== Exercise ==
A word-for-word restatement of the data is what is needed.

Supplied information Block Start

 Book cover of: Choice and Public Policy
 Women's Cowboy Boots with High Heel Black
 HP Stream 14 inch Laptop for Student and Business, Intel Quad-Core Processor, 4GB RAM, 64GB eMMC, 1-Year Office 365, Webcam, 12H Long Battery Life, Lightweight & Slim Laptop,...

Supplied information Block End

== Solution for this task ==
 Book cover of: Choice and Public Policy
 Women's Cowboy Boots with High Heel Black
 HP Stream 14 inch Laptop for Student and Business, Intel Quad-Core Processor, 4GB RAM, 64GB eMMC, 1-Year Office 365, Webcam, 12H Long Battery Life, Lightweight & Slim Laptop,...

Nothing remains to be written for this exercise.